BEGIN

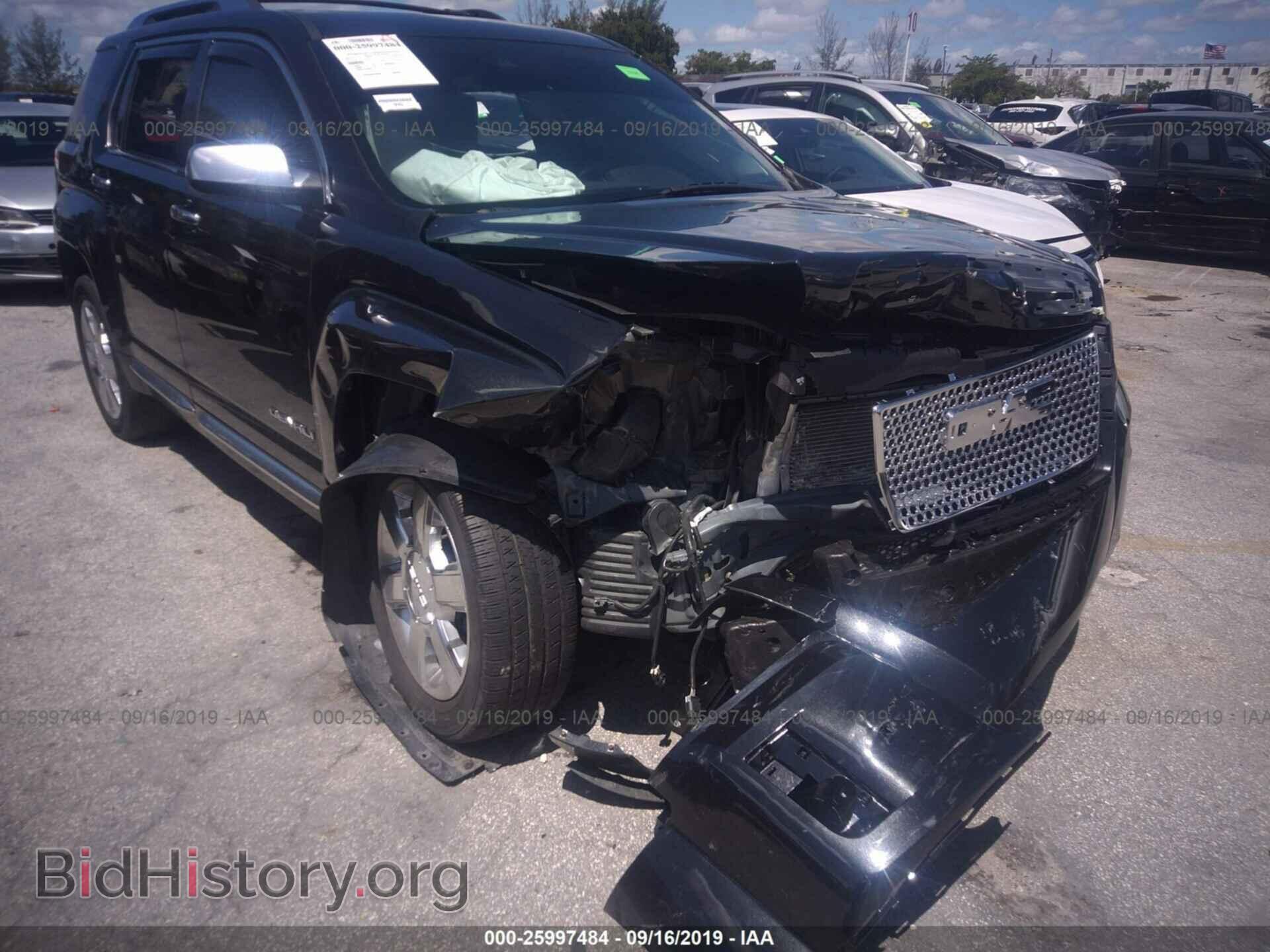 2013 GMC TERRAIN - VIN: 2GKFLYE31D6165172 - Фото 6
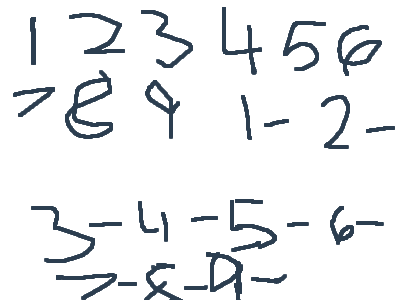 you like number name all of them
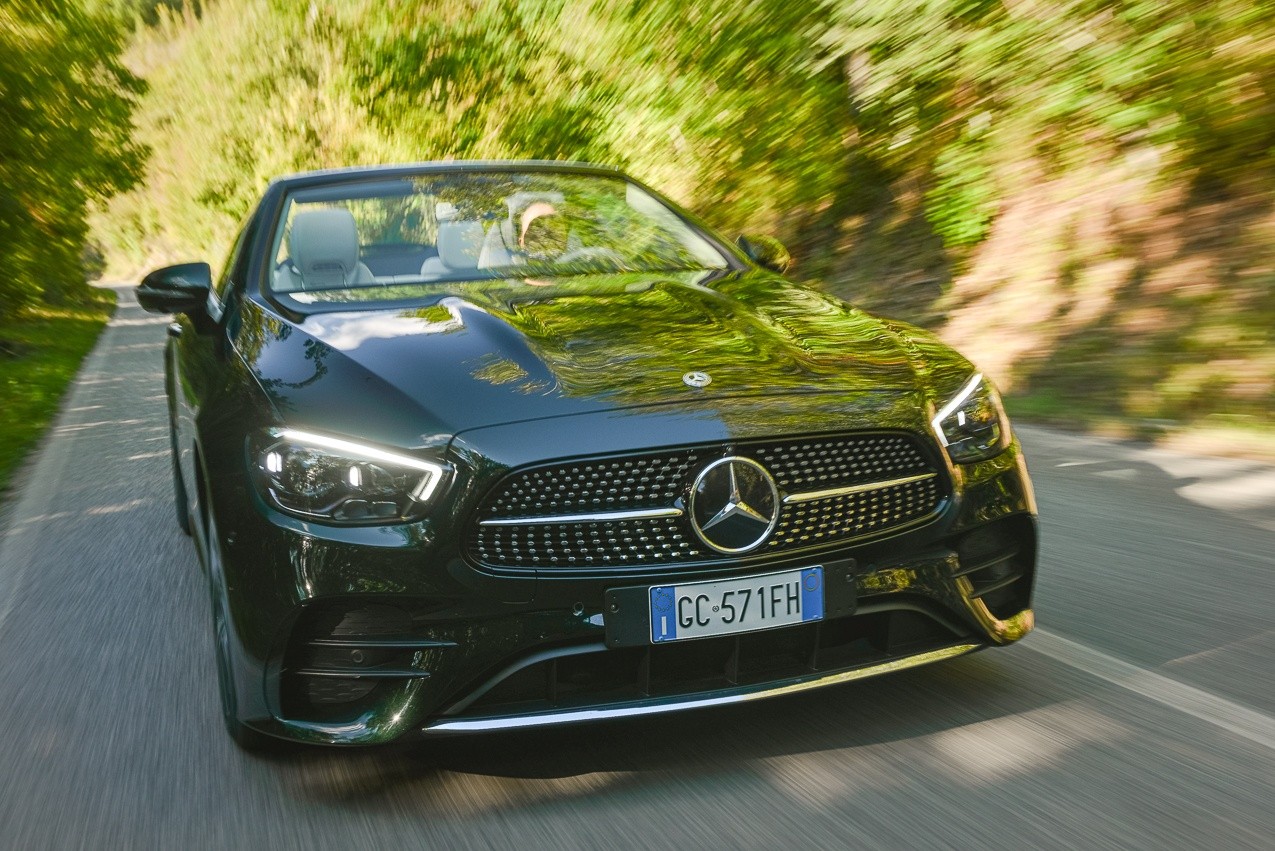 Mercedes Benz Classe E Cabrio 220d: la prova su strada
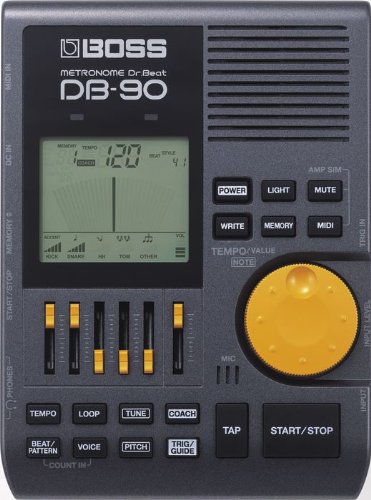 BOSS DB-90 Metrónomo Dr. Beat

END

__INSTRUCTIONS TO FOLLOW__:
Your output should be the lines from the line containing "you like number name all of them" through the last line of the listing above, restated exactly, with no pictures among them.

__TASK OUTPUT__:
 you like number name all of them
 Mercedes Benz Classe E Cabrio 220d: la prova su strada
 BOSS DB-90 Metrónomo Dr. Beat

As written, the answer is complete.